EXERCISE INPUT:

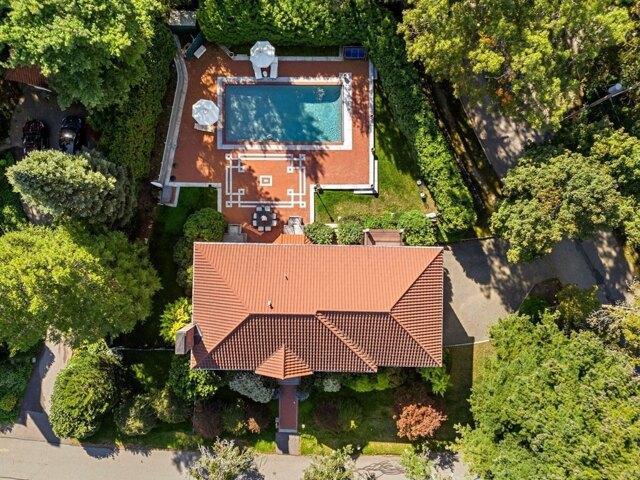 House for sale in Newton Centre, Newton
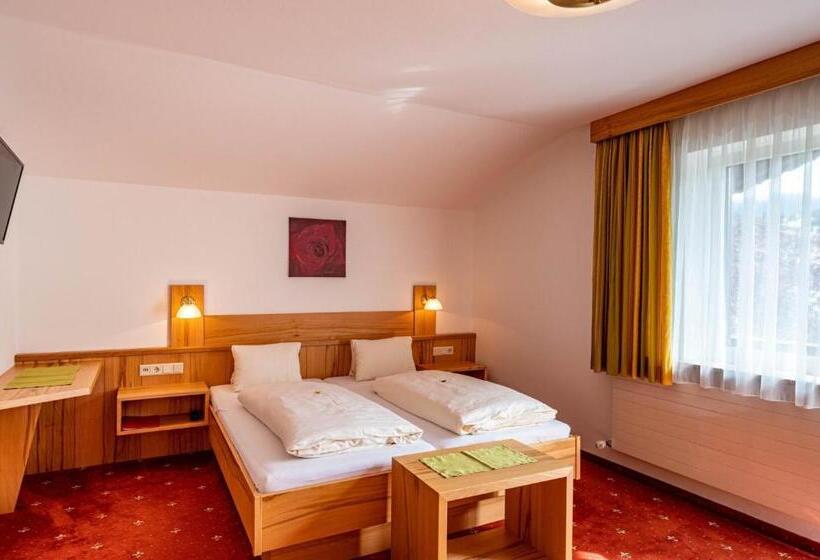 Отель Rustika   Appartements & Spa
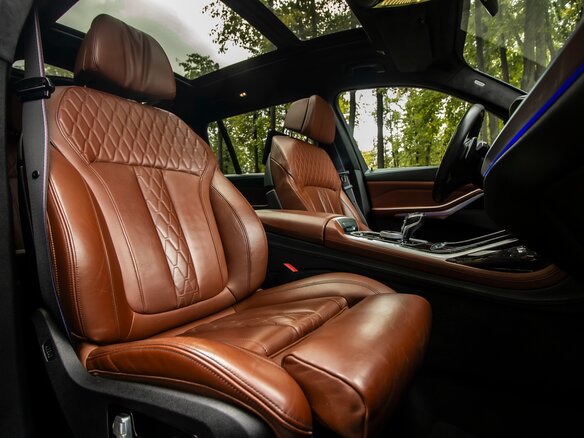 2020 BMW X7 40d I (G07), чёрный - вид 19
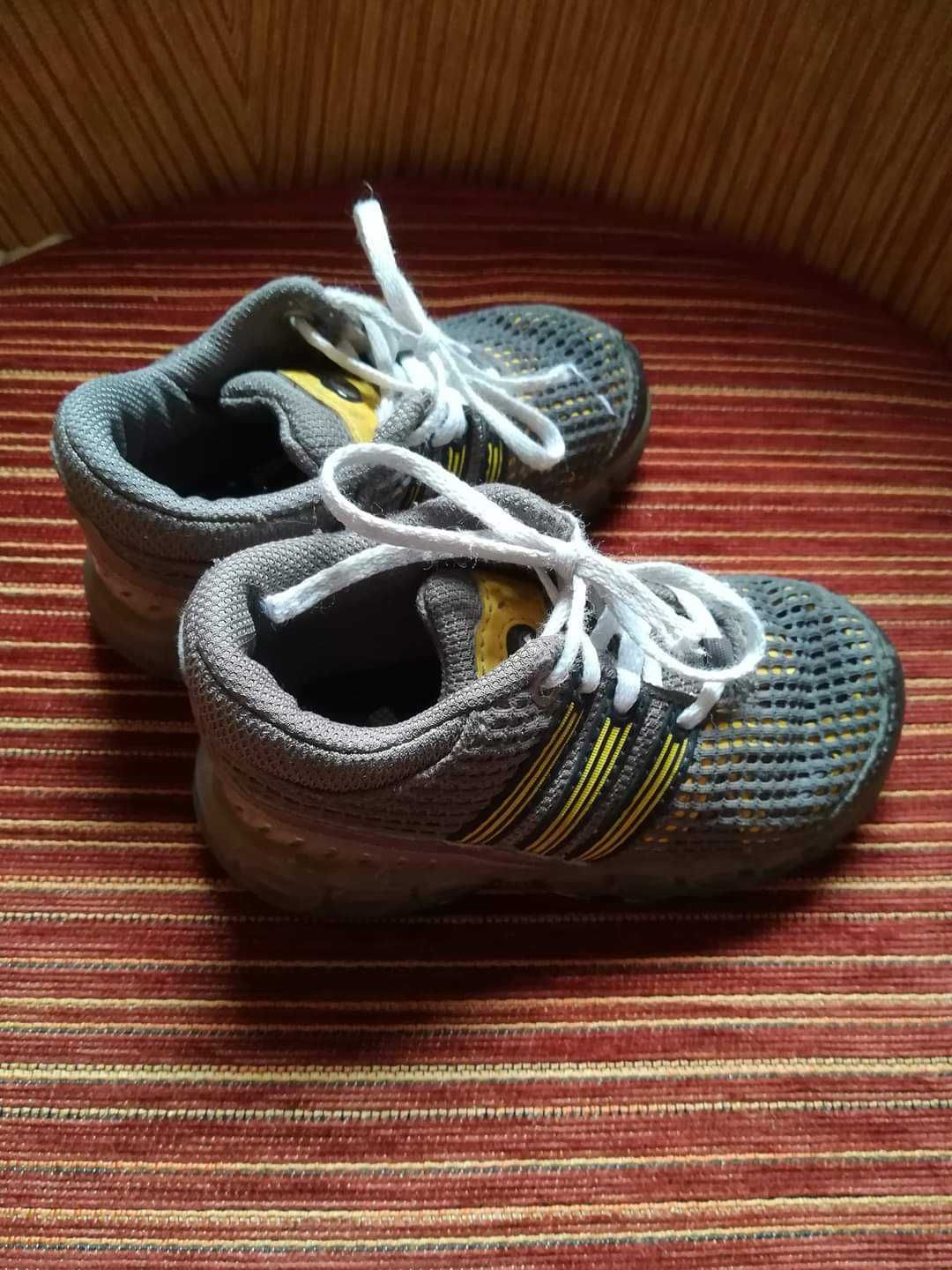 Adidas, rozm. 22 (UK5.5), 30zł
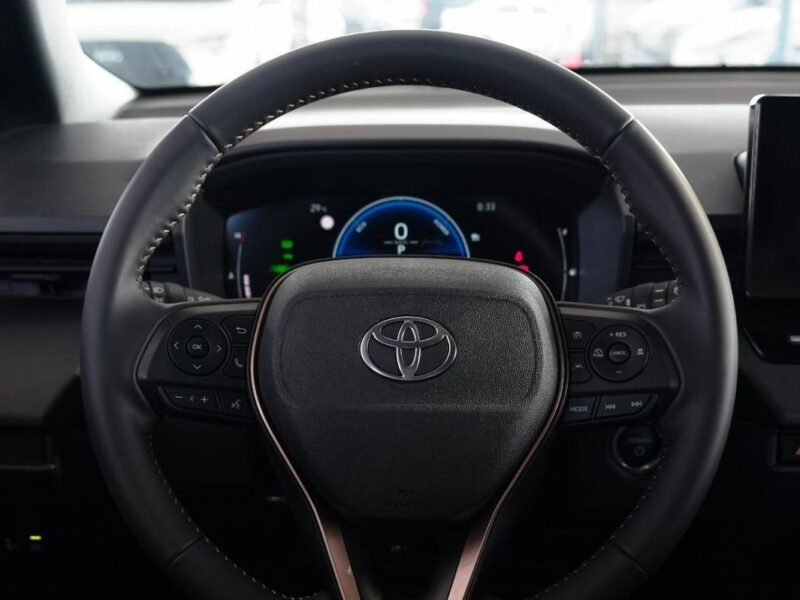 2026 Toyota Corolla Cross GLI 2.0 Litres 4 Cylinders Hybrid Engine White Black SUV Chinese Specs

YOUR INSTRUCTIONS:
The data above must be copied exactly. Leave out the pictures.

SOLUTION:
 House for sale in Newton Centre, Newton
 Отель Rustika   Appartements & Spa
 2020 BMW X7 40d I (G07), чёрный - вид 19
 Adidas, rozm. 22 (UK5.5), 30zł
 2026 Toyota Corolla Cross GLI 2.0 Litres 4 Cylinders Hybrid Engine White Black SUV Chinese Specs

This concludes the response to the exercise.